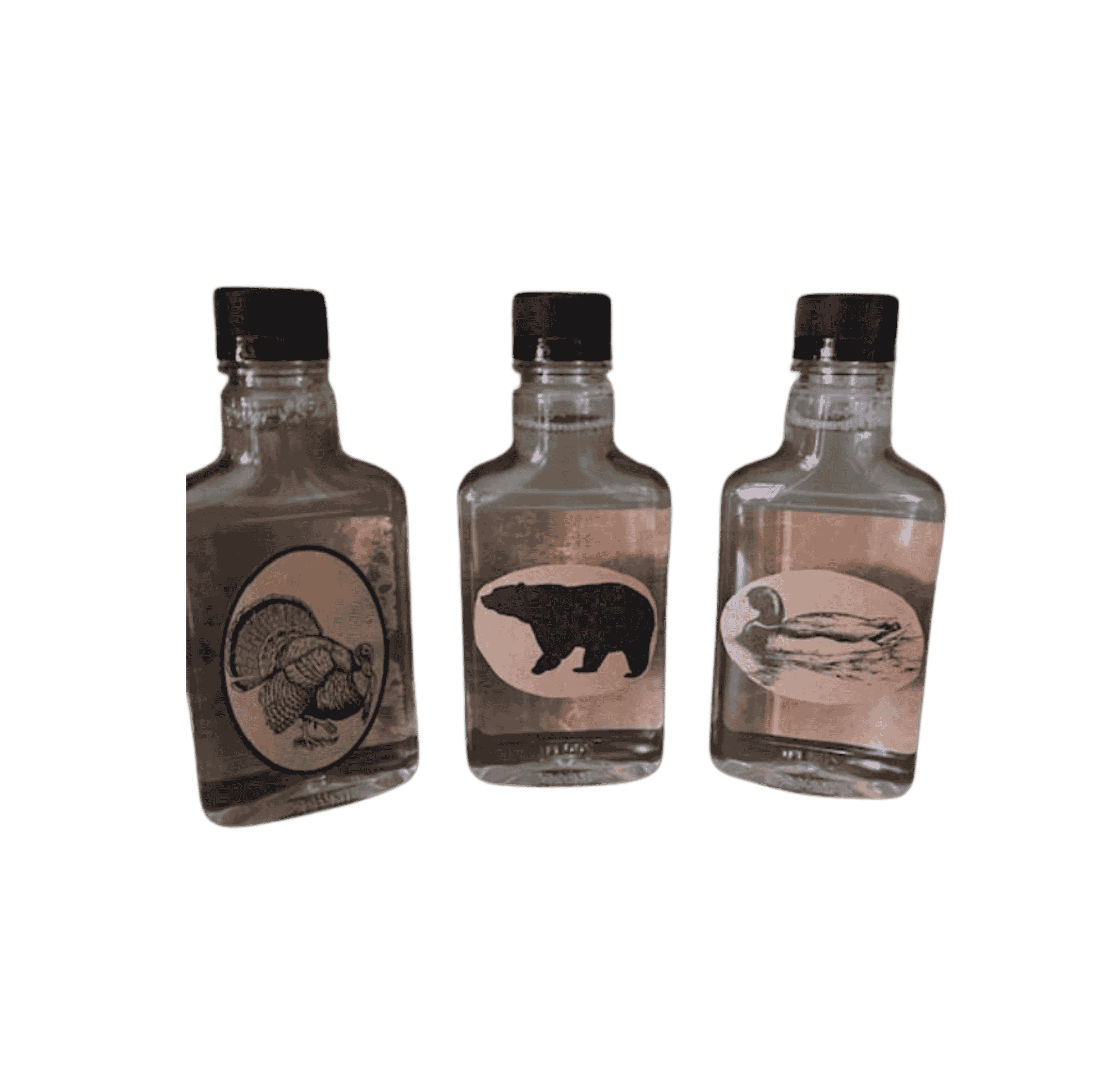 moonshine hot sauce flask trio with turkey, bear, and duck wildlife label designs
---
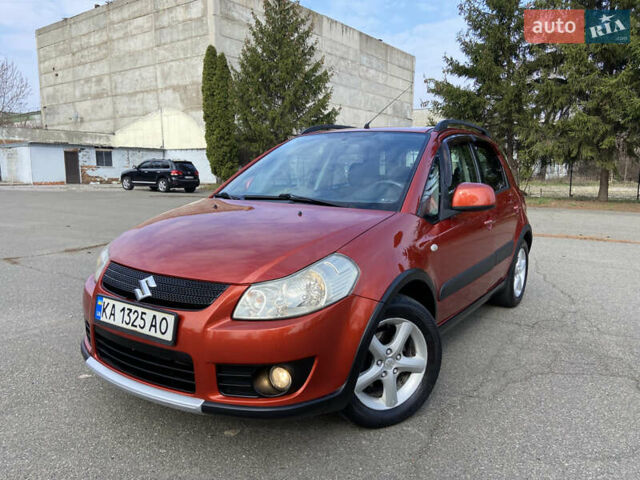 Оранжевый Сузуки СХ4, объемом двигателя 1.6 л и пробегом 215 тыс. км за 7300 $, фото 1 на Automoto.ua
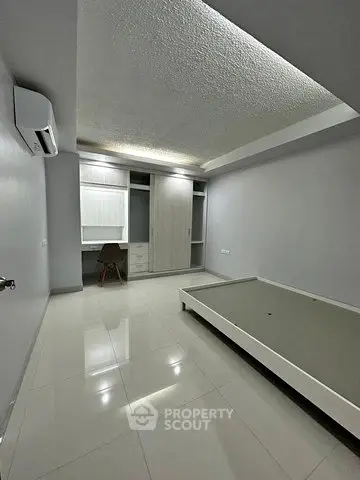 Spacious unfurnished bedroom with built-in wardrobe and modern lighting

§ **Your objective**
In the data above, find the line with "Оранжевый Сузуки СХ4, объемом" and the line with "Spacious unfurnished bedroom". Please copy exactly those two lines and every line between them, but not the pictures.

§ **Response area**
 Оранжевый Сузуки СХ4, объемом двигателя 1.6 л и пробегом 215 тыс. км за 7300 $, фото 1 на Automoto.ua
 Spacious unfurnished bedroom with built-in wardrobe and modern lighting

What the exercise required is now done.